One body of work suggests that in times of lung trauma certain bone marrow derived stem cell populations are recruited to the lung and effect repair. As a result, research has been initiated using mouse models to transplant healthy bone marrow derived stem cells into mice with lung disease, to determine the extent of repair to the damaged lung. Bone marrow derived stem cells have been reported to engraft in the lung, display characteristics of certain respiratory cell populations and in some cases reduce or inhibit the development of experimental respiratory fibrosis.
Embryonic stem cells represent an attractive source of cells for therapeutics because it is known they can form functional representatives of every cell type of the respiratory system. However, methods for instructing embryonic stem cells to differentiate into functional respiratory tissue in vitro (in culture) have not yet been described. Several research groups are working to develop such methods and deliver healthy replacement respiratory cells into the diseased and injured lung.
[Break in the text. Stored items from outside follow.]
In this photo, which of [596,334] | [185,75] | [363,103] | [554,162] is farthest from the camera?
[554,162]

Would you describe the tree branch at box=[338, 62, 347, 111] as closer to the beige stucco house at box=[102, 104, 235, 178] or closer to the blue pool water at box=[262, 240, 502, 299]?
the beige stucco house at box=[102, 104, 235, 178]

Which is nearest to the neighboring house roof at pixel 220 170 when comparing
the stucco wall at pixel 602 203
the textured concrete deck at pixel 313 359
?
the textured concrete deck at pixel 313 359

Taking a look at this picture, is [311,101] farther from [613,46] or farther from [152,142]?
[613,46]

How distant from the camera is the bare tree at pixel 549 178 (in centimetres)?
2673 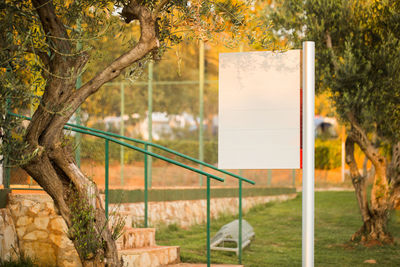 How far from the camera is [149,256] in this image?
6414 millimetres

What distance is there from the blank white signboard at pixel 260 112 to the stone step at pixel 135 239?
3.35 metres

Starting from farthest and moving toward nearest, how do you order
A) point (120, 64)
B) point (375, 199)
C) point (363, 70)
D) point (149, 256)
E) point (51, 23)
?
1. point (375, 199)
2. point (363, 70)
3. point (149, 256)
4. point (120, 64)
5. point (51, 23)

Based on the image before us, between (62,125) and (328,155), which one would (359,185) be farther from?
(328,155)

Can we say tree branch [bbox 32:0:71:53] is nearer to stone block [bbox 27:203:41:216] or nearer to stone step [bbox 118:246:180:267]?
stone step [bbox 118:246:180:267]

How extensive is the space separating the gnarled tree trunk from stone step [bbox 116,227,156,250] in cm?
183

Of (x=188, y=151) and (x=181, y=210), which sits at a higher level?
(x=188, y=151)

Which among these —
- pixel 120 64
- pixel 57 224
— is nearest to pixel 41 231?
pixel 57 224

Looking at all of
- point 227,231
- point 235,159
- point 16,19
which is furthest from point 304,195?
point 227,231

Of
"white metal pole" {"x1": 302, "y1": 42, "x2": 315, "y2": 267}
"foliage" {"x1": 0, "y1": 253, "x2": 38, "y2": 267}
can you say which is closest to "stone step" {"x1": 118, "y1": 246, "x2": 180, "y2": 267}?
"foliage" {"x1": 0, "y1": 253, "x2": 38, "y2": 267}

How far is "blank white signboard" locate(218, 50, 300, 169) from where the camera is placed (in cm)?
341

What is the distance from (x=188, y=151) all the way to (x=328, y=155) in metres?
5.27

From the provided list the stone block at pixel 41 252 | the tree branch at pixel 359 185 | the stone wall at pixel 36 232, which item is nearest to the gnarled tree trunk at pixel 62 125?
the stone wall at pixel 36 232

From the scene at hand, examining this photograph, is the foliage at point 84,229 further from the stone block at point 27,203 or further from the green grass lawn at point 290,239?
the green grass lawn at point 290,239

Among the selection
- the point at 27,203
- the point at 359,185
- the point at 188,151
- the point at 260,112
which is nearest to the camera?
the point at 260,112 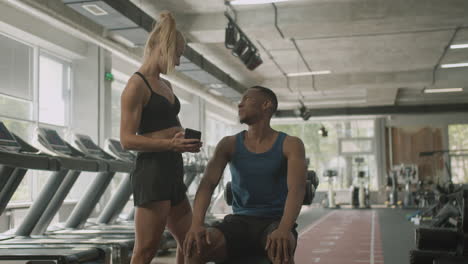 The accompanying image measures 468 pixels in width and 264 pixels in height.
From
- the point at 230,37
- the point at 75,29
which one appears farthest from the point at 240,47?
the point at 75,29

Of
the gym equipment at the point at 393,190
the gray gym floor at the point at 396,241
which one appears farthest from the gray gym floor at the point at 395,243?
the gym equipment at the point at 393,190

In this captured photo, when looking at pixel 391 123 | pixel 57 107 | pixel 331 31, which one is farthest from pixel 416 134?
pixel 57 107

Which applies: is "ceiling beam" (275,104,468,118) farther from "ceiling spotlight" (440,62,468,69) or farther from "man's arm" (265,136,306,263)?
"man's arm" (265,136,306,263)

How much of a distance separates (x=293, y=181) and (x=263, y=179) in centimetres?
13

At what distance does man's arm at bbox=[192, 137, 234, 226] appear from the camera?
1923mm

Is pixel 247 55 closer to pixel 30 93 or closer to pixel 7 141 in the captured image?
pixel 30 93

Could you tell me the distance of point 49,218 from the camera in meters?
5.11

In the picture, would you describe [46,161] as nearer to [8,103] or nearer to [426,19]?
[8,103]

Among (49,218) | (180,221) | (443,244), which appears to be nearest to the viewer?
(180,221)

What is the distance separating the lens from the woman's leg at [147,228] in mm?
1990

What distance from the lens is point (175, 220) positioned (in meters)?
2.17

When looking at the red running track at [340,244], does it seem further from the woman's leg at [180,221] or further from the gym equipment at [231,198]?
the woman's leg at [180,221]

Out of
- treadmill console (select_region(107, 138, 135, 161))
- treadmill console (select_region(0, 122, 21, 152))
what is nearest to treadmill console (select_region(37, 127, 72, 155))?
treadmill console (select_region(0, 122, 21, 152))

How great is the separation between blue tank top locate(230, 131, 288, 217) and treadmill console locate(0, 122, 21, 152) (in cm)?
233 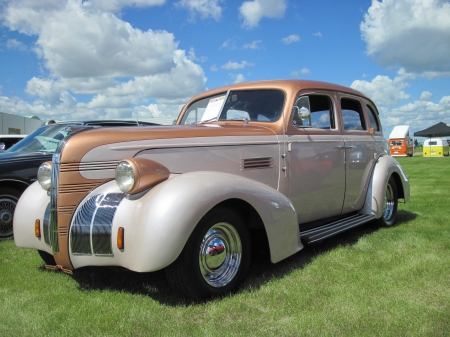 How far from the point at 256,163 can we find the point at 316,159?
2.84ft

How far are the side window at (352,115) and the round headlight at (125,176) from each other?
2984 millimetres

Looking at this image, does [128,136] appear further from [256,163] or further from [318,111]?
[318,111]

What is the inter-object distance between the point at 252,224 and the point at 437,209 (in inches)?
197

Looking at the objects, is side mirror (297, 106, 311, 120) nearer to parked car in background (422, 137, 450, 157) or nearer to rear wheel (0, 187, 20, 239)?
rear wheel (0, 187, 20, 239)

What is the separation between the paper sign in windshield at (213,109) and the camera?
435 centimetres

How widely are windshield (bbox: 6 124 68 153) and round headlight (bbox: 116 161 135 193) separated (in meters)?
3.69

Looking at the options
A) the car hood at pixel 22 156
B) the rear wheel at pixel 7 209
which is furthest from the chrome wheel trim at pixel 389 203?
the rear wheel at pixel 7 209

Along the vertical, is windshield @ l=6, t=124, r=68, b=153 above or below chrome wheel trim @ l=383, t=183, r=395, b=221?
above

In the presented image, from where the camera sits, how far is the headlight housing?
281cm

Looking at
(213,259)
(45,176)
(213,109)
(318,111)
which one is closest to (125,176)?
(213,259)

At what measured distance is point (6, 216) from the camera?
18.0ft

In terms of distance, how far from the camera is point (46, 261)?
12.5 feet

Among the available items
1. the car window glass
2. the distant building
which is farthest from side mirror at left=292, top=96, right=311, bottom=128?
the distant building

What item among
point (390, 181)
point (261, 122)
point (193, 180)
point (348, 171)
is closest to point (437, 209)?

In the future it is hoped that stem cell derivatives may be used in transplant settings to offer relief to patients suffering of respiratory disease. With procedures such as nuclear transfer, custom designed embryonic stem cells could be produced from patients with cystic fibrosis, the genetic mutation repaired, and cells implanted into lungs to replace affected tissue with seemingly minimal chance of immune rejection. Before this time, however, specific cell types required for transplantation in a clinical setting need to be identified. Further, it is critical to develop procedures to overcome potential immune rejection of either donor bone marrow derived stem cells or embryonic stem cells. Research is continuing in both of these domains and if successful will provide valuable supplementation and alternatives to current lung donation programs.
Richard Mollard, Ph.D., is a stem cells specialist at the Monash Institute of Reproduction and Development, Clayton, Australia.